A new investment strategy called HALO is rewarding investors who are betting on physical assets over software in the age of artificial intelligence.
A new investment theme dubbed “HALO” is gaining traction on Wall Street, fueling outperformance in heavy-asset sectors like utilities and mining. The strategy, short for Heavy Assets, Low Obsolescence, bets that physical infrastructure is more resilient to AI disruption than asset-light tech companies, driving gains of more than 70 percent in some stocks.
"AI can replace a programmer, an analyst, or even an entire software suite, but it can't replace a refinery, a power grid, or a copper mine," said Josh Brown, CEO of Ritholtz Wealth Management, who coined the term.
The logic has played out in 2026, with the utilities, mining, and energy sectors of the MSCI World index all outperforming the broader market.
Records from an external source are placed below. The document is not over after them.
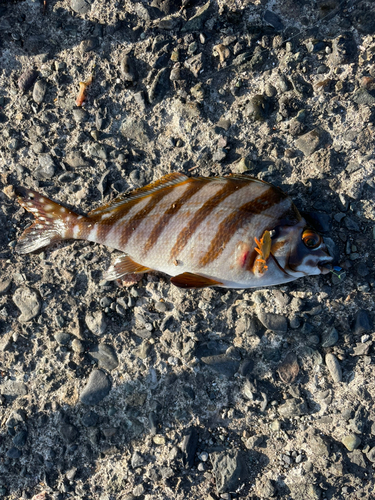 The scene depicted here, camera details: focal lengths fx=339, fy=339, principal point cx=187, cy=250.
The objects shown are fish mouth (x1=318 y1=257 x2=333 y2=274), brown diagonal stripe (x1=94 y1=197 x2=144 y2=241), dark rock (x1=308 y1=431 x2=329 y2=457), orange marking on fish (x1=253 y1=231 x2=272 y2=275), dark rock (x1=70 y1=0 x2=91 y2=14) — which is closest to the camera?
orange marking on fish (x1=253 y1=231 x2=272 y2=275)

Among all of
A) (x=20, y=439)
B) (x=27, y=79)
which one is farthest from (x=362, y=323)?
(x=27, y=79)

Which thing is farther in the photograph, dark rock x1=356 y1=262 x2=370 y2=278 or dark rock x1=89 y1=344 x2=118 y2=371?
dark rock x1=89 y1=344 x2=118 y2=371

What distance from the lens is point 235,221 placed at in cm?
244

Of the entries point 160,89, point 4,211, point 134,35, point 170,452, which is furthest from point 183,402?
point 134,35

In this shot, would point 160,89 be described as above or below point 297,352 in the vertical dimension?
above

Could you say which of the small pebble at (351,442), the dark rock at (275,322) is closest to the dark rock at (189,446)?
the dark rock at (275,322)

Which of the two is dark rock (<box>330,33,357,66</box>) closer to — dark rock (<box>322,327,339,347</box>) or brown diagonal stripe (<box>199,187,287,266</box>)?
brown diagonal stripe (<box>199,187,287,266</box>)

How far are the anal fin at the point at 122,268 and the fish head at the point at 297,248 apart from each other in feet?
3.33

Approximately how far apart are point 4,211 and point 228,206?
6.54 feet

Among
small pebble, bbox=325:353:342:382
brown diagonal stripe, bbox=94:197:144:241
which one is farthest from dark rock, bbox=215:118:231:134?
small pebble, bbox=325:353:342:382

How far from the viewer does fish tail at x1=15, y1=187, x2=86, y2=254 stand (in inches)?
111

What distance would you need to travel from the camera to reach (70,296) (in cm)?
290

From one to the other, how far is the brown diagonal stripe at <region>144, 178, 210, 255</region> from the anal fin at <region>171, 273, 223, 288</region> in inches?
14.1

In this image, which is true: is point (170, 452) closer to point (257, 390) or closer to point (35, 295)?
point (257, 390) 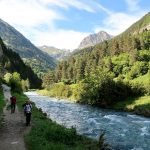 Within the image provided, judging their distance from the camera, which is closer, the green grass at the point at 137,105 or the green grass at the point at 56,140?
the green grass at the point at 56,140

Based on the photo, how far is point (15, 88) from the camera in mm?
131750

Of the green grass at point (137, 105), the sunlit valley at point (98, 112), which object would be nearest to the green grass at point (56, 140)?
the sunlit valley at point (98, 112)

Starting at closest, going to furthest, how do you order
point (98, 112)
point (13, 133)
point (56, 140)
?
1. point (56, 140)
2. point (13, 133)
3. point (98, 112)

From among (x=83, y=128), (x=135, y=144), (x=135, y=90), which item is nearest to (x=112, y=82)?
(x=135, y=90)

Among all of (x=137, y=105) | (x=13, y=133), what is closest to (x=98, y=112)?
(x=137, y=105)

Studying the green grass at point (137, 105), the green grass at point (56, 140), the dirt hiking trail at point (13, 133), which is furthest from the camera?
the green grass at point (137, 105)

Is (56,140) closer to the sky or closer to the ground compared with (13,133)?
closer to the ground

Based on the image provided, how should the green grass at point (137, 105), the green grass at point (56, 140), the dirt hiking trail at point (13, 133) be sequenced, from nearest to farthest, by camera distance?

At an individual stock level, Korean engineering firm Doosan Group has seen its shares surge over 70 percent in US dollar terms this year. In contrast, shares in software-as-a-service (SaaS) companies and property platform Rightmove have slumped, with the latter falling 25 percent late last year.
The trend reflects a potential long-term shift from growth-focused tech to value-oriented industrials, forcing investors to re-evaluate which companies hold a true "moat" in an economy increasingly shaped by AI and geopolitical tensions over strategic resources.
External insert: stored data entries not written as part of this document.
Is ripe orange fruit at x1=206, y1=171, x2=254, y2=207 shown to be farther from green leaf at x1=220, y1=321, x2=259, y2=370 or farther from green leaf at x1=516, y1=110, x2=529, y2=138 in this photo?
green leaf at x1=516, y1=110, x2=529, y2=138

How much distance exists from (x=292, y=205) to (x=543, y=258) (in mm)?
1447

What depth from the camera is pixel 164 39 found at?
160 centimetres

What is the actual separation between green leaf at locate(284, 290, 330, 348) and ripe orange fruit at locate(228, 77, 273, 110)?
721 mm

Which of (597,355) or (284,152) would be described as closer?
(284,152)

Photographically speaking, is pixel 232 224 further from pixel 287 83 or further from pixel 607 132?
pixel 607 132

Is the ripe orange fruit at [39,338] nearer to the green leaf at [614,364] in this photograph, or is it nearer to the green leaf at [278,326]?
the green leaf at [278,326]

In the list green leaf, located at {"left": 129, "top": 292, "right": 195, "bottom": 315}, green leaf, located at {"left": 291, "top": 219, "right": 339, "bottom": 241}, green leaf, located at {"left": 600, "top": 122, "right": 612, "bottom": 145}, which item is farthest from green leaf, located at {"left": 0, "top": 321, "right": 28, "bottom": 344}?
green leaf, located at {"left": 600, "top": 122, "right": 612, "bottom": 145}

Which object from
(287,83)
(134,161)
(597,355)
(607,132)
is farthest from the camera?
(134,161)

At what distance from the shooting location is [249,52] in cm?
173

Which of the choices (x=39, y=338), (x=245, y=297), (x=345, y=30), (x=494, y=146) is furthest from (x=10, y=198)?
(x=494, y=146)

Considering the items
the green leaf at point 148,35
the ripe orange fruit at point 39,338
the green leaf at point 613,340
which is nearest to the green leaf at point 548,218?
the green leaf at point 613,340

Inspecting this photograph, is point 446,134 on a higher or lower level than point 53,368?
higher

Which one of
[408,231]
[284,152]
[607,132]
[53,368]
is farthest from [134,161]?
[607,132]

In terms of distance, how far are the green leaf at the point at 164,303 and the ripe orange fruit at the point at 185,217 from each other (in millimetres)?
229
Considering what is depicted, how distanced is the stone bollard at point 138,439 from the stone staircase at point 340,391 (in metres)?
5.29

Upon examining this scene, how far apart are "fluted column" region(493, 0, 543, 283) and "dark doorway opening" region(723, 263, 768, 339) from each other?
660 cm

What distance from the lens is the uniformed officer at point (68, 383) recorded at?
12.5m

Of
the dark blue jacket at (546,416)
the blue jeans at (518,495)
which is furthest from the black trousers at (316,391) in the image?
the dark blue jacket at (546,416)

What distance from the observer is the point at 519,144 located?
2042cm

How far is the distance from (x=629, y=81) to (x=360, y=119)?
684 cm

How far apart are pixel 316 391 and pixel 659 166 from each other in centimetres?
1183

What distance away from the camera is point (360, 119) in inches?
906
Valuation Gap Narrows as Theme Matures
According to Goldman Sachs strategist Guillaume Jaisson, the quantitative criteria for a HALO company include a high ratio of fixed assets to total assets and significant capital expenditure relative to sales. Chip manufacturer TSMC, for example, has averaged $32 billion in annual capex since 2020.
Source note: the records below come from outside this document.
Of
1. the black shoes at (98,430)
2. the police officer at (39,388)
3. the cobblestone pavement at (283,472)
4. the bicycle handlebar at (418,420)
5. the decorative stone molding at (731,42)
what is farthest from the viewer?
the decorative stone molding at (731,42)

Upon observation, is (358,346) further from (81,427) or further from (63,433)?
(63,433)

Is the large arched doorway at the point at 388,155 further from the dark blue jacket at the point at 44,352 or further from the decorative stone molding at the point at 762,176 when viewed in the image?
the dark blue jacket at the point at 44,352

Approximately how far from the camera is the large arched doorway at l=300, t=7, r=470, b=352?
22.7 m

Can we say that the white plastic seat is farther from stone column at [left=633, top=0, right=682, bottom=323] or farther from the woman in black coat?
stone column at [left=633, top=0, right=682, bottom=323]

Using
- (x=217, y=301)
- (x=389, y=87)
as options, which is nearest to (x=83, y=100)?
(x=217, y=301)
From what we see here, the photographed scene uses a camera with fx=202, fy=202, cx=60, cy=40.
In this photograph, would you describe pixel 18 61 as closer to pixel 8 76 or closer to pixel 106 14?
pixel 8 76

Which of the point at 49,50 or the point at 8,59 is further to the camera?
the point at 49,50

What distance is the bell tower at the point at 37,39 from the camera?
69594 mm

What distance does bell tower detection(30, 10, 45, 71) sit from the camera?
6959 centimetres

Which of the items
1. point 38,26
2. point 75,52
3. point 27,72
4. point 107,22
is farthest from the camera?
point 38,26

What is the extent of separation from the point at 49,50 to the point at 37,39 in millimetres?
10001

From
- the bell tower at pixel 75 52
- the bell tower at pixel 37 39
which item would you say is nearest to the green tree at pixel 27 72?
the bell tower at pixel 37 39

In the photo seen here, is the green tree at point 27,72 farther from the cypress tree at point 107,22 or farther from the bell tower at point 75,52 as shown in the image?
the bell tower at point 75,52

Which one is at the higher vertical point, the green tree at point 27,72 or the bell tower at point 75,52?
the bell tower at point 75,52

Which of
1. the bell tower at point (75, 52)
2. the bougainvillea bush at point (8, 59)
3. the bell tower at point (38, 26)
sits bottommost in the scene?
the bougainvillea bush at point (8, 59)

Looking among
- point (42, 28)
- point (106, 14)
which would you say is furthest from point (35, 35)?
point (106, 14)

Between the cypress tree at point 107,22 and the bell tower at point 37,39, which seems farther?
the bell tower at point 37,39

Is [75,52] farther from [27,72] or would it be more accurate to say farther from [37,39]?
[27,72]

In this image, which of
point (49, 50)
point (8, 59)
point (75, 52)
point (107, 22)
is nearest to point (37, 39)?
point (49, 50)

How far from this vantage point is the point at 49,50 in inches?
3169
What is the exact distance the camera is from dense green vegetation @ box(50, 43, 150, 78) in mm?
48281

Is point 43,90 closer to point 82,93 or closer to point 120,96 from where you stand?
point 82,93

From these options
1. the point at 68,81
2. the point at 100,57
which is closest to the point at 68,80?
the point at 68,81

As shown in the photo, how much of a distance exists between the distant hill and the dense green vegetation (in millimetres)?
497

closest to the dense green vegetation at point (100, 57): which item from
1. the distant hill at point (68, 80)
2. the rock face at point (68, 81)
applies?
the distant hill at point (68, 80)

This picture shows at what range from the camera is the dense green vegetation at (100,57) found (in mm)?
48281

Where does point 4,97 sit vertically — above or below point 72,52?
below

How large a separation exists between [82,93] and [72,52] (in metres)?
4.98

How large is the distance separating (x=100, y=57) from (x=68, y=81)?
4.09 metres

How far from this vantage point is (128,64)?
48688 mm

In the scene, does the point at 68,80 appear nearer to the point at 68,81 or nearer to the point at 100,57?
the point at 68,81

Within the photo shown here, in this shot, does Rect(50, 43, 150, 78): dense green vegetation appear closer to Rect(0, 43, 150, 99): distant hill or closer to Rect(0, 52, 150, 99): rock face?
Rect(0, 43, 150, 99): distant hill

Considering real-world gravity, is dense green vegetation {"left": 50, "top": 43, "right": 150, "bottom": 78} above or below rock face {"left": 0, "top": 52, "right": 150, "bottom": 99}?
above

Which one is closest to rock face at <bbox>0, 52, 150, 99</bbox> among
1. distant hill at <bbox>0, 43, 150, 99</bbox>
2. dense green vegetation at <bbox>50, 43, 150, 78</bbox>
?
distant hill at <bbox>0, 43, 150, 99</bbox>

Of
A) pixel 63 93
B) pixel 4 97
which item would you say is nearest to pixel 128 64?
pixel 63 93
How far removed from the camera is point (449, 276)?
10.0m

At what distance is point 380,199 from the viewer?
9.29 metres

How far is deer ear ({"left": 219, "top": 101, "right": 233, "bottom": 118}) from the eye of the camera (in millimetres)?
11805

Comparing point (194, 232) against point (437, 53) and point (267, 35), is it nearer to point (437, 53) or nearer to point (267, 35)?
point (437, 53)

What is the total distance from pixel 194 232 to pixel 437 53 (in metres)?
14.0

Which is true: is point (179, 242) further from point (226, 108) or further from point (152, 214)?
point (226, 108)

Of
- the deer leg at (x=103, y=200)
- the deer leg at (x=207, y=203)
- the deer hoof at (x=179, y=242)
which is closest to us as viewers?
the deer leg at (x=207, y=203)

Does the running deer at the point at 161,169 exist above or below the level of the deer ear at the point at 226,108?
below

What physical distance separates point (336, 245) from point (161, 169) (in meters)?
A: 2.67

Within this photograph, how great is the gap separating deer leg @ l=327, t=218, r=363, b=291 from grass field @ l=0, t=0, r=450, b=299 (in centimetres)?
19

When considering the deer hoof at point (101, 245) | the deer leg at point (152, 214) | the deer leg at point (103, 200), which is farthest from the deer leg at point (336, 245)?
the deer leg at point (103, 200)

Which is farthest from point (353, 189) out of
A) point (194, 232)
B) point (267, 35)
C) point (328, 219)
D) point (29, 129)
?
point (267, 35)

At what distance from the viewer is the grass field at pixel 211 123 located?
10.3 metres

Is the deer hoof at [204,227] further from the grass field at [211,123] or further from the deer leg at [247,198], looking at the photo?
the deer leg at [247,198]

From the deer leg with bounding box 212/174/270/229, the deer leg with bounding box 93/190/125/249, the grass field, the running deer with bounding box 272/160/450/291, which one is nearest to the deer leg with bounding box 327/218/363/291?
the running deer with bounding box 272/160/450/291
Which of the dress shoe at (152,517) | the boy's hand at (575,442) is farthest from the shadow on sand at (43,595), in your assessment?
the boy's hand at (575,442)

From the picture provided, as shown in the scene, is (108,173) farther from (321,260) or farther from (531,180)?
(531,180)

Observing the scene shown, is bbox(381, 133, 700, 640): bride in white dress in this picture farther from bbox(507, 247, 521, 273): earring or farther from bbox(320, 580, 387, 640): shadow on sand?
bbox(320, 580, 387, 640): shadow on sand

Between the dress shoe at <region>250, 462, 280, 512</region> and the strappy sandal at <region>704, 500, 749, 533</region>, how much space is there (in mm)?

This rotation into physical assets has been so pronounced that a 35 percent P/E valuation discount that European HALO stocks held over their asset-light peers a year ago has now almost completely vanished. While Jaisson believes earnings growth will now become the primary driver for these stocks, others are more cautious.
"I don’t think it’s an investable theme with an attractive risk-reward at this point," said Patrick Kaser of Brandywine Global, suggesting the easiest gains may have already been made.
A Bet on Scarcity in a Multipolar World
The HALO theme is underpinned by a deeper narrative about global shifts. Julien Albertini, a fund manager at First Eagle Global Value Fund, argues that the end of "Pax Americana" is forcing nations to prioritize strategic autonomy in energy, defense, and supply chains. He notes that US corporate investment as a percentage of cash flow has fallen from around 70 percent in the early 1990s to below 40 percent in the current decade. For him, the key question is scarcity—whether a company owns something irreplaceable.
This view is complemented by warnings from strategists like Sebastian Raedler at Bank of America, who cautions that the rise of "Agentic AI" could automate consumption and lead to Western economies facing overcapacity issues similar to China's. In such an environment, business models that can generate near-term profits are favored over those that rely on distant future promises.
While some compare HALO to the "old economy" versus "new economy" debate of the 1990s, proponents like Brown insist it's a new factor for the AI age, encompassing high-tech, high-capex industries like semiconductors alongside traditional heavy industry. The core idea is that in a world of digital abundance, physical scarcity is becoming the ultimate value.
This article is for informational purposes only and does not constitute investment advice.